The chicken, carried on the field by staff ace Justin Masterson, spent most of batting practice standing with Cleveland’s pitchers in front of the warning track in center field. Allen, as his teammates made clucking noises in his direction following the game, was initially reluctant to discuss his gift but finally relented.
“It was funny,” he said. “It was a very calm chicken. It handled itself well. We scored six runs so maybe the chicken will be here tomorrow.”
Allen said two of his teammates came up with the idea. Although pitcher Rich Hill was rumored to be involved, no names were divulged.
“It’s kind of an anonymous duo,” Allen said.
Francona knew about the joke ahead of time but was still surprised to see a chicken on a baseball field.
“I’m pretty OK as long as we win, but I don’t know about farm animals,” he said.
The Indians came off a tough road trip to Atlanta and Detroit, in which they went 1-5 and lost ground in the wild card race before playing Baltimore. Francona is happy that his team is remaining loose.
“I think it’s great,” he said. “We’re into September. … I actually love it. Guys are trying to have fun. That’s the best way to be a good team.”
The Indians moved a half-game in front of Baltimore in the chase for a playoff spot. Cleveland began the night 3½ games behind Tampa Bay for the second wild card.
Relievers Bryan Shaw (3-3), Allen, Joe Smith and Chris Perez, who recorded his 22nd save, combined to allow one hit in 4⅓ innings.
“The chicken got us a win. … I’m sorry. … Cody got us a win, Chicken Al pitched well,” Smith said.
Gomes broke a 4-all tie with an RBI single in the fifth when the Indians scored twice to go ahead for good. A wild pitch by Kevin Gausman (2-4) with the bases loaded scored the second run.
Cleveland scored four times in the first, but starter Zach McAllister couldn’t hold the lead.
Adam Jones hit a solo homer in the fourth. Manny Machado’s three-run homer tied it in the fifth.
Raburn’s two-run double, along with RBI singles by Gomes and Mike Aviles, got the Indians off to a quick start.
McAllister allowed four runs in 4⅓ innings. Orioles starter Zach Britton lasted 3⅓ innings in his first start since July 9. The left-hander, called up from Triple-A Norfolk on Monday, allowed four runs and six hits.

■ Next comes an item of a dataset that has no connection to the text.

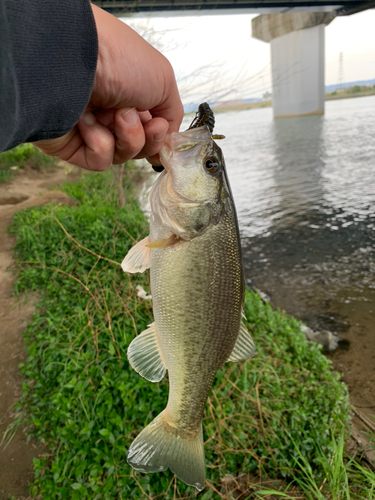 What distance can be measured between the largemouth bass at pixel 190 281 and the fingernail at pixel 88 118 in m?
0.39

The Orioles finished 3-6 on their nine-game trip against playoff contenders. They also lost two of three in Boston and New York.
“I choose to trust these guys and continue to believe that good things are ahead,” Orioles manager Buck Showalter said.

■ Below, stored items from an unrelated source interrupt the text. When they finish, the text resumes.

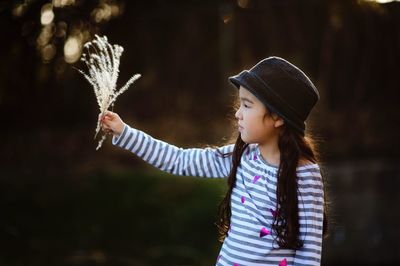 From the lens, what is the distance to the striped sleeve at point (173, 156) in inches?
82.7

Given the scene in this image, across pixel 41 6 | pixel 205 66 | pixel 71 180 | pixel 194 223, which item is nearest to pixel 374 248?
pixel 194 223

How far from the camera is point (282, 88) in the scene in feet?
6.43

Jones was hit on the left arm by a pitch in the second. He was in obvious pain as he headed to first, where he was visited by
Showalter and a team trainer. The two spoke with Jones, who remained in the game.
The three-game series between teams chasing a playoff spot drew a total of 36,504 fans. Tuesday night’s turnout of 9,962 was the lowest September/October crowd in the history of Progressive Field, which opened in 1994.